Why all the hype for data science with so much less attention to data engineering? Perhaps it is because Harvard Business Review hasn’t declared data engineer as the sexiest job of the century. Maybe it is because business executives see data scientist results while data engineering results are less visible—viewed as infrastructure or “backroom stuff.” Regardless of hype levels, however, data engineering has come of age. At a recent conference session on data architecture, Michelle Goetz of Forrester Research reported finding twelve times as many unfilled data engineering jobs as data science jobs.
I believe the large number of unfilled jobs is a reflection of the complexity of data engineering. Data engineer is a demanding job that requires both breadth and depth. Breadth of knowledge ranges from relational databases to NoSQL, from batch ETL to data stream processing, and from traditional data warehousing to data lakes.

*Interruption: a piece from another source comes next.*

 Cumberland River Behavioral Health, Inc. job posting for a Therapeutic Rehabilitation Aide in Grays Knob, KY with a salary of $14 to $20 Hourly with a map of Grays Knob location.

Depth of skills includes hands-on working with Hadoop, programming in Java or Python, and data modeling from star schema to document stores and graph databases. The data engineer is part database engineer building the databases that implement data warehouses and data lakes, and part software engineer building the processes, pipelines, and services that move data through the ecosystem and make it accessible to data consumers. (See figure 1.)
Figure 1 – Data Engineering Activities and Deliverables
Breadth, depth, and diversity of skills indicate that data engineering is better undertaken as a team responsibility than as a solo activity. No individual can be the expert in all areas of data engineering. A team of people with complementary skills is a more practical approach than data engineering silos. Data engineers need to be team players and they also need to be collaborators working with data scientists, architects, stewards, and subject matter experts (SMEs) as shown in figure 2. Data engineering teams also collaborate with data curators, data governance teams, BI and data warehousing teams, and database administrators (DBAs).
Figure 2 – Data Engineers as Collaborators
Data science and data engineering work together, with the data engineer organizing data and optimizing it for specific use cases. This frees the scientists to focus on what they can discover and learn from the data. Data engineers provide databases, datasets, and data services for data scientists, and also for other data consumers including data analysts, business analysts, and report writers. To be highly effective in meeting the needs of this diverse group of people, engineers must be capable with structured and unstructured data, with SQL and NoSQL databases, with data lakes and data warehouses, with high-latency and real-time data, with data architecture and system architecture, and with design and programming.
I reviewed dozens of data engineer job postings to build a list of the 24 most common skills needed. From that list I created a Data Engineering Skills Assessment and Gap Analysis tool that you can use to self-assess your capabilities (available for download at the top right of this page). Provide responses about your experience and education and your organizations level of need for each skill. The tool will then calculate skill level and skills gap information. High skill areas show your strengths. Wide gaps show the areas where you should pursue more education and experience. Narrow gaps show the areas where you’ll make greatest contributions to a data engineering team.